Ik stoor me er inmiddels niet meer aan en laat de opmerkingen maar voor wat ze zijn. Mensen bedoelen het niet kwaad. Ik besef dat sommige mensen nog langer getrouwd zijn en nog steeds geen kinderen hebben. Ik weet wel dat het voor ons nog maar vier jaar is, maar dat betekent niet dat het altijd makkelijk is geweest.

Er zijn momenten die makkelijk zijn. Mijn man en ik wonen al twee jaar in Europa. We hebben plekken bezocht waarvan we alleen maar dachten te kunnen dromen. We hebben heerlijke gerechten gegeten. En we hebben vriendschap gesloten met massa’s mensen van over de hele wereld, die ons met hun ideeën, opvattingen en wereldbeschouwingen hebben verrijkt. In veel opzichten zou het dwaas zijn om niet dankbaar voor deze tijd te zijn. Ik heb een hechtere band met mijn man gekregen, ik heb ontzettend veel geleerd en we hebben een paar geweldige avonturen beleefd.

Maar we zitten ook vaak op de sofa naar films te kijken. We hebben herinneringen samen waar onze toekomstige kinderen geen deel van zullen uitmaken. Onze wijk telt maar één jong stel zonder kinderen – wij dus. En wat voor avonturen we ook meemaken, de gedachte aan kinderen lijkt altijd een rol te spelen.

Ik denk tijdens mijn ups en downs vaak na over het gebod aan Adam en Eva. Wij geloven dat dit gebod tegenwoordig nog steeds volledig van kracht is,1 en dat we geacht worden het na te komen. Dat is mijn man en mij echter nog niet gelukt. Maar dat gold aanvankelijk voor Adam en Eva ook. Wat deden ze dus? Het enige waar ze verstand van hadden: ze onderhielden de hof. Ik woon weliswaar niet in de hof van Eden, maar wel in de hof van de aarde, de hof van Nederland, de hof van mijn familie en de hof van mijn wijk.
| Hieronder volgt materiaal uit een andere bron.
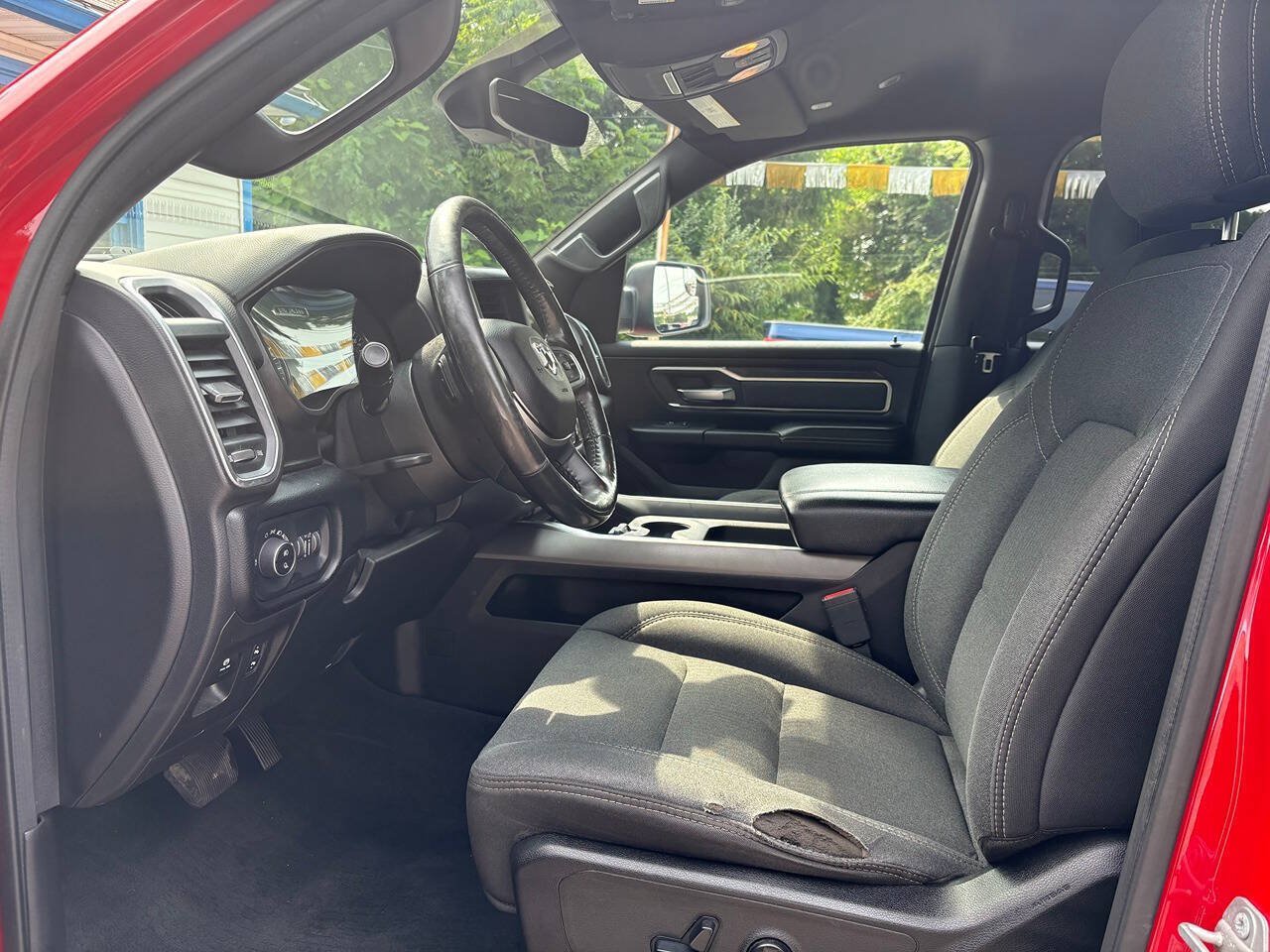 Used 2019 RAM 1500 Big Horn AWD/4WD image 11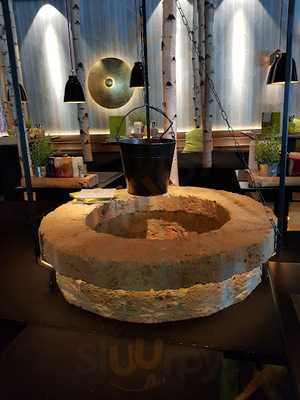 Hans Im GlÜck Burgergrill & Bar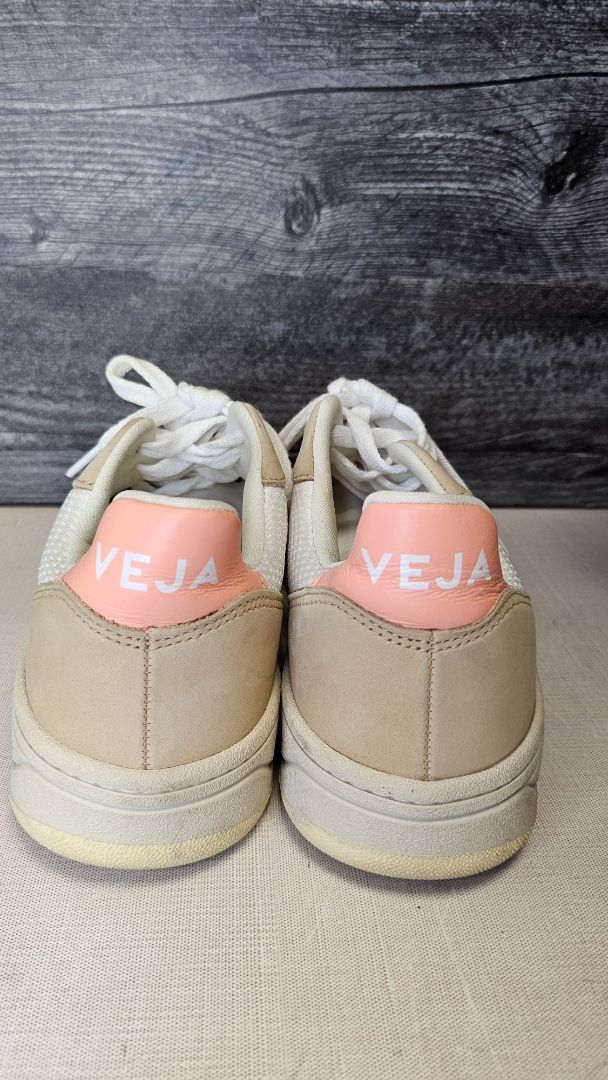 Veja Multi Leather Sneaker (40)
Die hoven vraagt de Heer mij talrijk te maken en te vervullen. Ik heb veel over die woorden nagedacht. Ik ben me door die woorden meer op het dienen van anderen en de Heer gaan richten. Ik stel mezelf vaak de volgende vragen:

  • Hoe kan ik de gaven die de Heer mij en anderen gegeven heeft vermenigvuldigen?

  • Hoe kan ik liefde jegens Gods kinderen vermenigvuldigen?

  • Hoe kan ik mijn tijd en inzet om anderen te dienen vermenigvuldigen?

  • Hoe kan ik mijn eigen geestelijke bron vullen?

  • Hoe kan ik aanvullen wat anderen kwijt zijn geraakt, hetzij stoffelijk of geestelijk?

  • Hoe kan ik de wereld met hoop en geloof vervullen die velen verloren lijken te hebben?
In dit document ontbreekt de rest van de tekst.